*** Material supplied ***

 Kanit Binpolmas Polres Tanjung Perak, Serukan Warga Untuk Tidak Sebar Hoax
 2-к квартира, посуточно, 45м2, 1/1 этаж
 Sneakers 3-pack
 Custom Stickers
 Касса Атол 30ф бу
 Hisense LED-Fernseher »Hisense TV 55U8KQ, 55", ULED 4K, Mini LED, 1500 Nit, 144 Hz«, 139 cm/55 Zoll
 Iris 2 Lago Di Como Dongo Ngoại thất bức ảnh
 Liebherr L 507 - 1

*** End of Material supplied ***
*** Material supplied ***

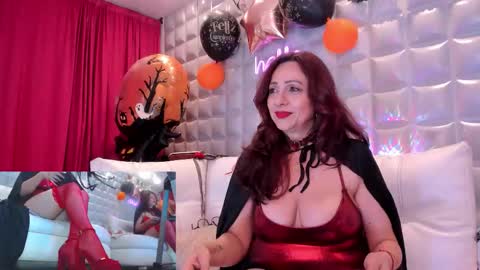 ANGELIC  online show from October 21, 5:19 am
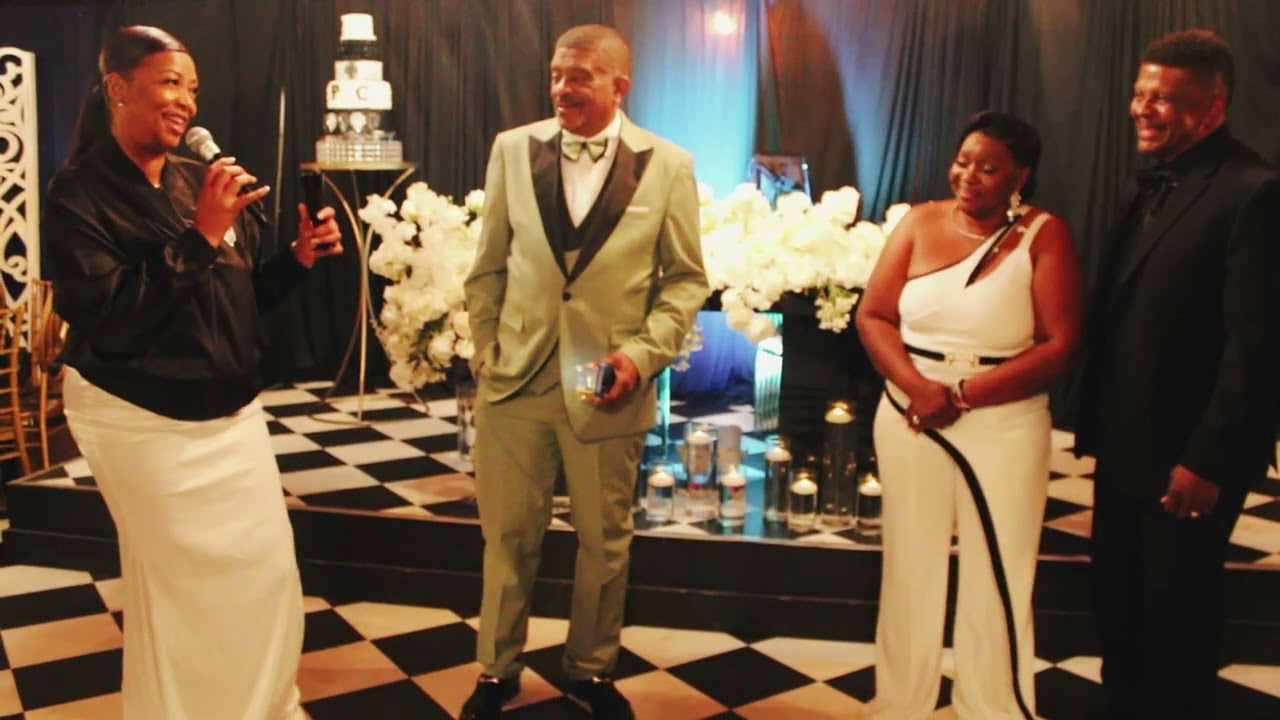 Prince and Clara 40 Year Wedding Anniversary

*** End of Material supplied ***

All that is wanted is a faithful reproduction of the line above with "2-к квартира, посуточно, 45м2, 1/1 этаж", the line with "Liebherr L 507 - 1", and every line in between.

• _Result of this task_
 2-к квартира, посуточно, 45м2, 1/1 этаж
 Sneakers 3-pack
 Custom Stickers
 Касса Атол 30ф бу
 Hisense LED-Fernseher »Hisense TV 55U8KQ, 55", ULED 4K, Mini LED, 1500 Nit, 144 Hz«, 139 cm/55 Zoll
 Iris 2 Lago Di Como Dongo Ngoại thất bức ảnh
 Liebherr L 507 - 1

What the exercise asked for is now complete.